- The mobile health movement is spreading across the globe. The United States is not the only one with citizens tied to their smartphones and tablets. Since mobile technologies have spread throughout the world, the mobile health movement is slowly seeping into the healthcare fields among various countries. Some may have similar challenges and successes as the United States when implementing mobile health tools while others may have brand new issues to manage.
Australia is one nation that’s working toward implementing mobile health technology, according to a press release from Frost & Sullivan. Currently, the country has a mere 70,000 clinicians in the workforce. Access to healthcare is not as strong as hoped in Australia. Telehealth solutions and the mobile health movement may be helpful in improving patient-provider communication and access to care.
The majority of citizens in Australia are using smartphones and other mobile technologies to communicate and find vital information. The Australian mobile health market was as high as $1.4 billion in 2014. These statistics are predicted to jump above $2 billion over the next four years, as the mobile health movement continues to advance throughout the globe.

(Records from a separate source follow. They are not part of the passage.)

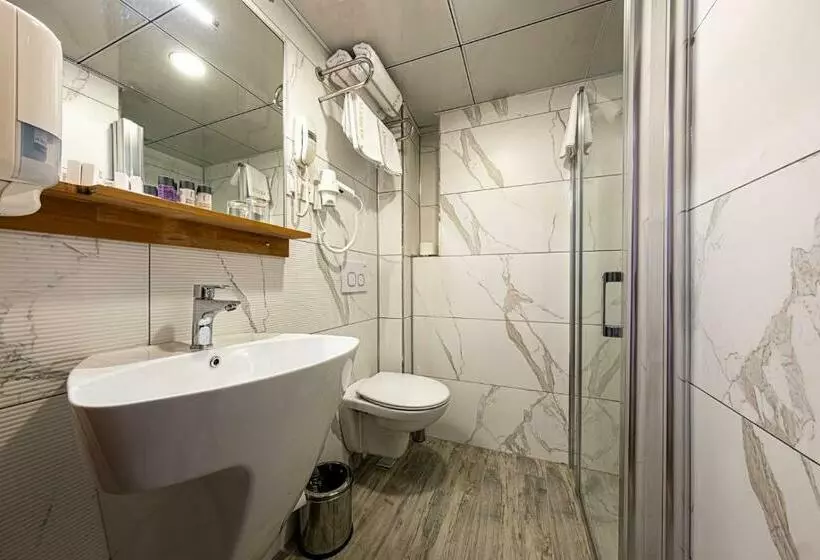 Hotelli Madeen City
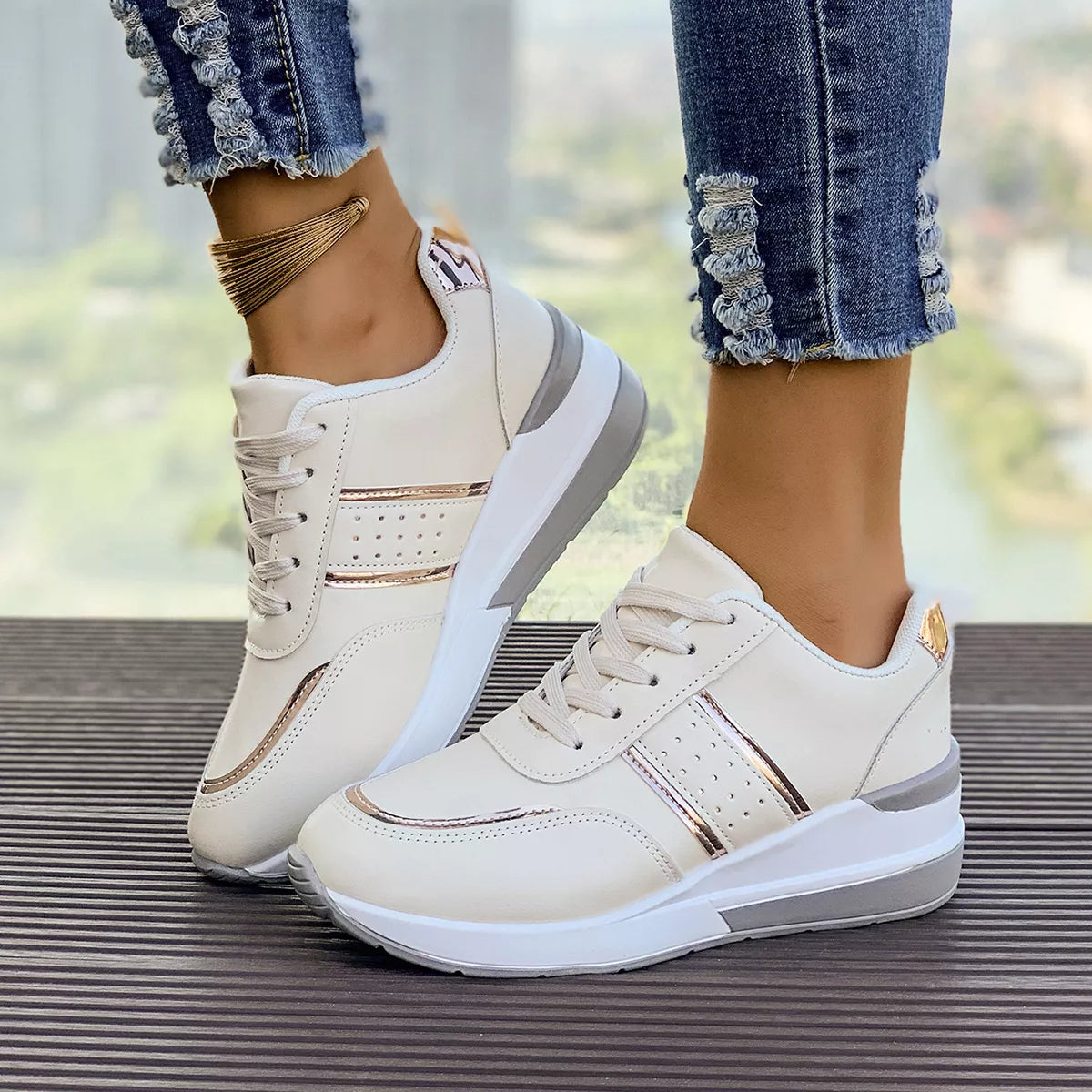 Round Toe Lace Up Sneakers - Lilixa.store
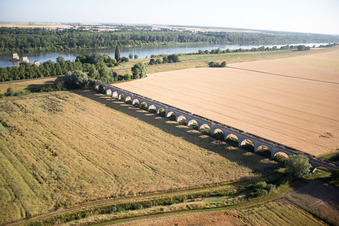 Viadukt bei Vineuil/Loire (F-Centre) im Bundesland Loir-et-Cher, Frankreich aus der Luft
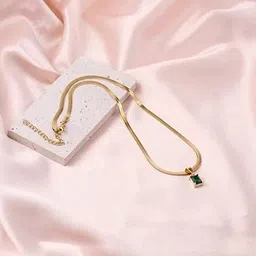 VIEN Gold-Plated Chain With Pendent-image-81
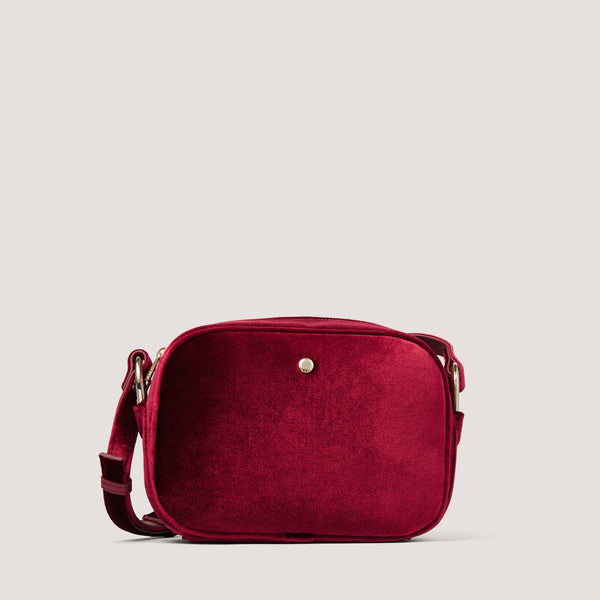 Introducing our chic, curved and casual crossbody bag in red velvet, Beau,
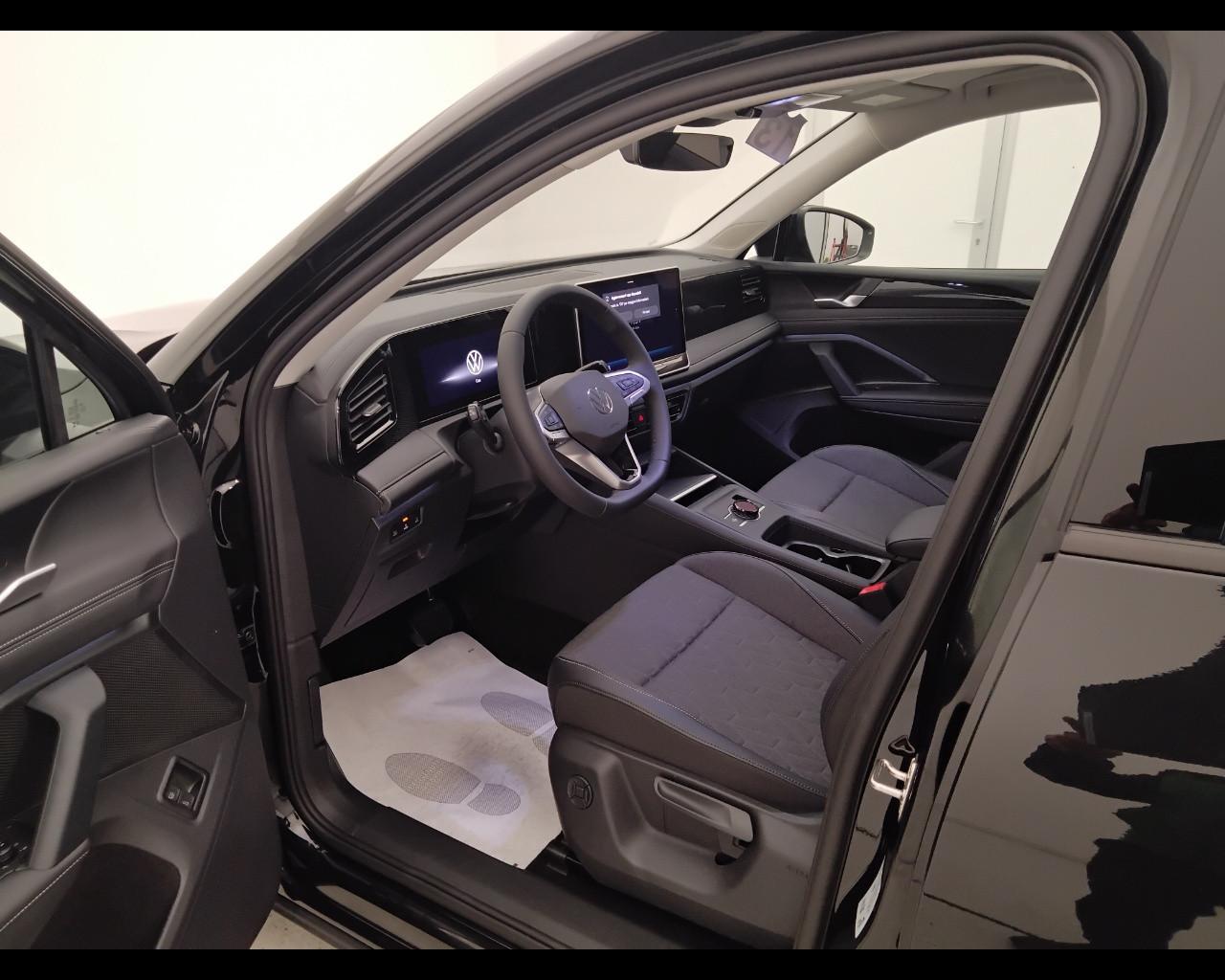 VOLKSWAGEN Tiguan III 2024 - Tiguan 1.5 tsi ehybrid Edition Plus 204cv dsg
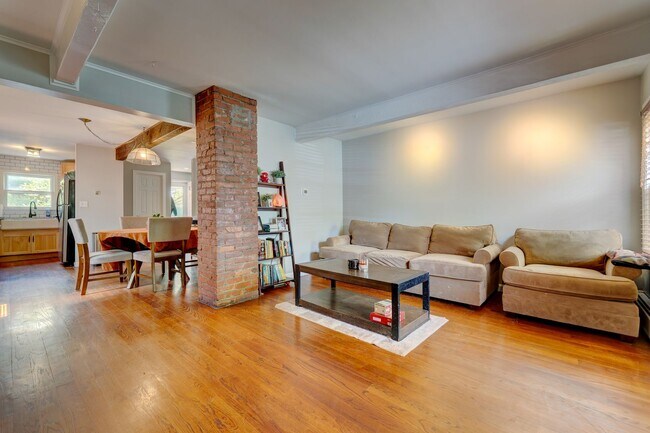 Building Photo - Charming East Rock Single Family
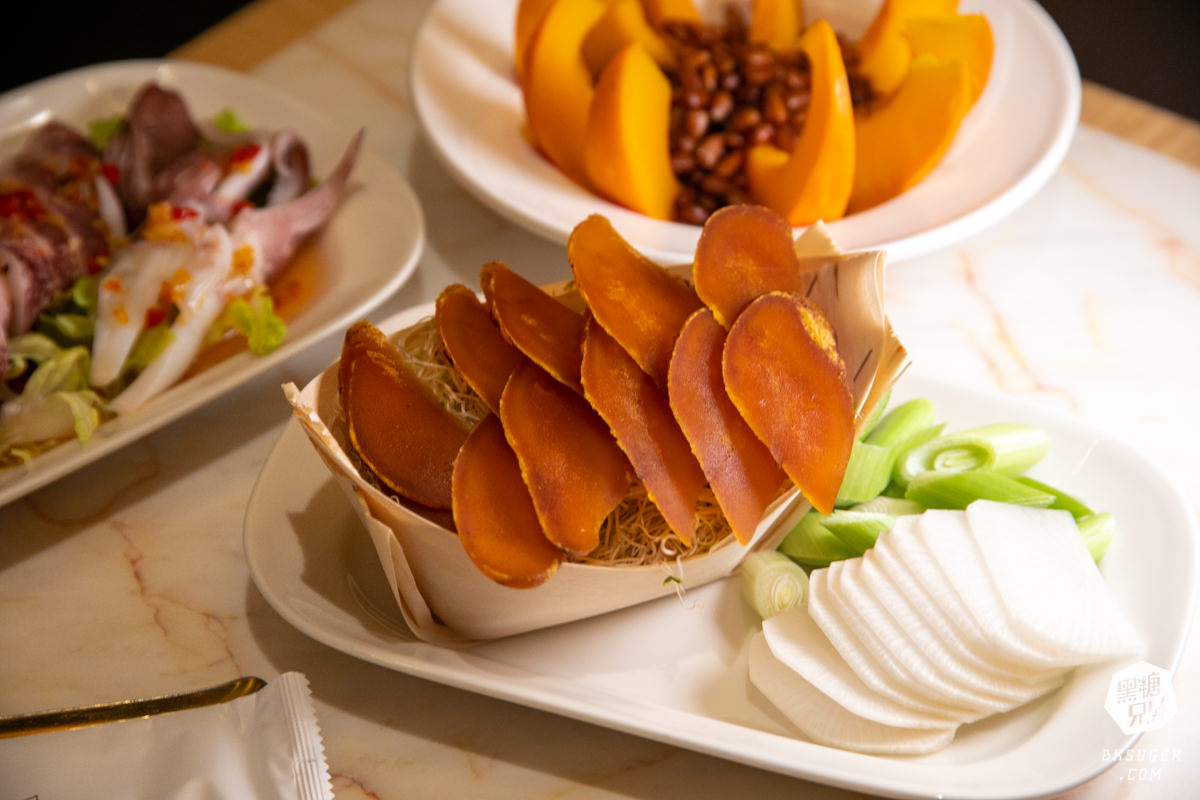 高雄林皇宮喜宴試菜|婚宴小資族高貴不貴方案大揭曉|新娘物語Weddings - 第19張圖 高雄林皇宮喜宴試菜|婚宴小資族高貴不貴方案大揭曉|新娘物語Weddings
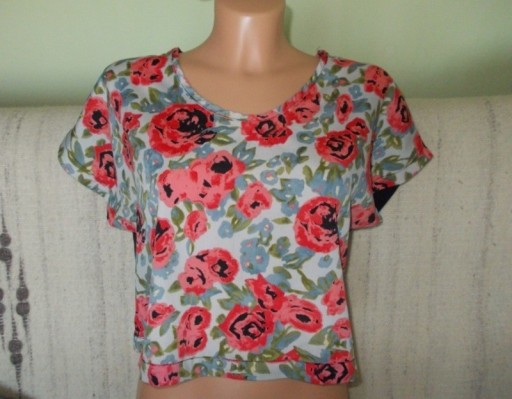 Zdjęcie oferty: Bluzka crop top krótka w kwiaty Atmosphere 36 / 38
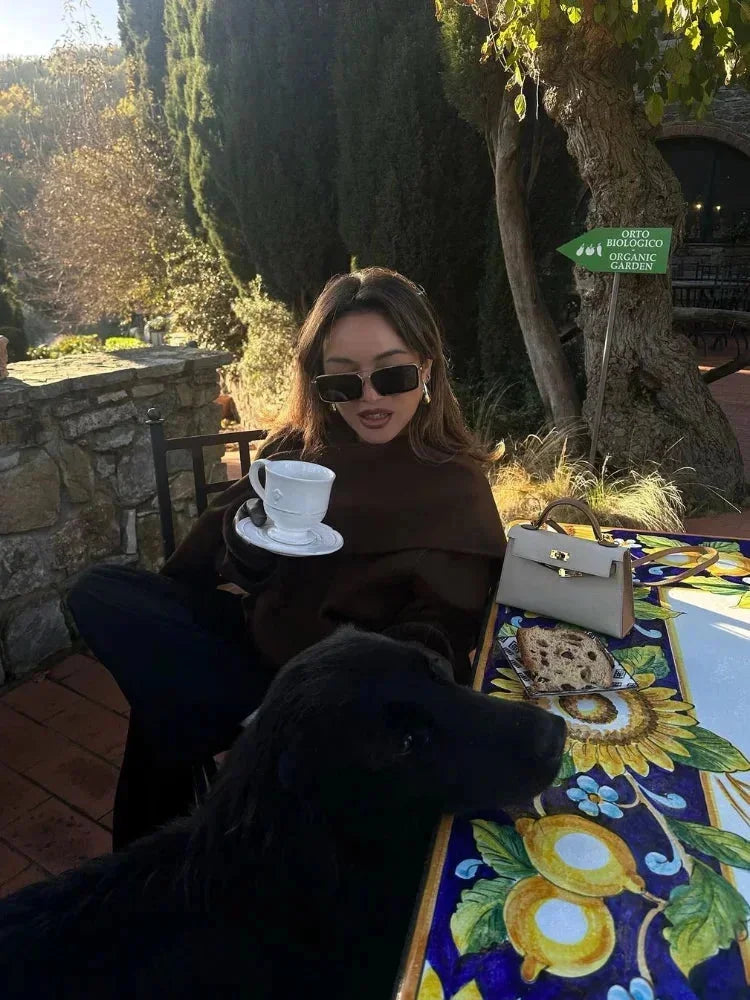 Manteau court gris pour femme avec col intégré, adapté aux journées fraîches et aux tenues variées.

The Frost & Sullivan report discusses the key aspects of mobile health applications and services. Mobile health devices, however, are not covered in the study. The healthcare industry in Australia is focused on improving healthcare services on both the patient level as well national by boosting population health outcomes across the country.
Essentially, the plans currently being instituted throughout this particular nation is to bring care to patients’ homes and develop a greater level of patient engagement throughout the entire medical care continuum.
As more patients with chronic and serious medical conditions are moving toward an outpatient status and physicians are continually utilizing their smartphones and mobile health applications, the healthcare industry will transform and reform to better serve the patient population much like in the United States.
"In the healthcare industry, clinicians' adoption to a new care delivery system is crucial, in the absence of which, the market will have a tendency to move towards commoditisation," Shalani Andria, Connected Health Industry analyst at Frost & Sullivan, stated in the company press release. "For mHealth in Australia, data security and usage needs to be addressed at the earliest in order to drive market development."
Andria explained that both medical care providers and developers of mobile health apps feel that the mobile health movement can play a vital role in the healthcare industry within Australia as well as push beyond patient access to healthcare to more innovative solutions throughout the field.
Mobile health technologies increase patient engagement by allowing consumers to have more access to medical information as well as utilize that data to improve their health and take action with regard to their overall wellness. Greater patient engagement and involvement with their own health has also been a driver or stimulant of mobile health adoption among consumers, the Frost & Sullivan press release states.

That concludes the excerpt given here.